Mr. Rossiter struggles nobly with this question, and attempts to construct a picture of Hamilton’s “good society” which will somehow make one forget his enthusiasm for child labor as revealed in the Report on Manufactures. But what comes out, in the end, is Hamilton’s ardent nationalism. Mr. Rossiter describes him, presumably not altogether seriously, as “the one ‘full-blooded American’ alive in the early years of the Republic.” By this Mr. Rossiter means that while practically all of his contemporaries divided their loyalty between their separate states and the new national union, Hamilton was exclusively devoted to the latter. It was believed at the time that he would have been very happy to eliminate the states as anything more than convenient administrative units, and the evidence seems to support this belief. Mr. Rossiter knows, as Hamilton knew, that this was one of the things that set him apart from his fellow Americans. So did the content and spirit of his nationalism.
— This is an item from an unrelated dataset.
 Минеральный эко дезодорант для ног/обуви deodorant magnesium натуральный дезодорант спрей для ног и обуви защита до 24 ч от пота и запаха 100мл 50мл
As Mr Rossiter says, “He wanted to be, and thought every man of sense would want to be, a citizen of a great community, a nation raised to power and glory.” Well: there were plenty of Americans, men of sense or not, who wanted only to be happy and free. (And I suspect there are plenty of political scientists who would regard Hamilton’s notion as of dubious value in the quest for international order and stability.) The United States has, in fact, become a nation of power and perhaps of glory as well, but it was not because of conscious pursuit of these goals. Even today this kind of nationalism is not particularly congenial to many Americans, and this may be one of the reasons we feel exasperated at the recent antics of Charles de Gaulle. It is not so much that he has challenged our international leadership, a leadership still accepted with a certain amount of reluctance, but that he gives the impression of playing a game which is alien to us, and which we would be too embarrassed to play—at leas’ so blatantly. Alexander Hamilton would have understood the General very well indeed, for they are of the same brotherhood in spirit.
But we were not a Gaullist people in the last quarter of the eighteenth century, nor are we now And here, I think, we come back to the perennial problem of Hamilton’s rank and place among the roll of American heroes. In spite of Mr. Rossiter’s urbanely passionate pleading, we have to leave Hamilton just where he was before—in a position of permanent ambiguity. His contributions to the Constitution and to the nation were great, as is generally recognized, but as he recognized, he was not truly one of us. After all, what would we have done all these years with a Declaration of Independence which listed the inalienable rights as “Life, Liberty, and the Pursuit of Glory”?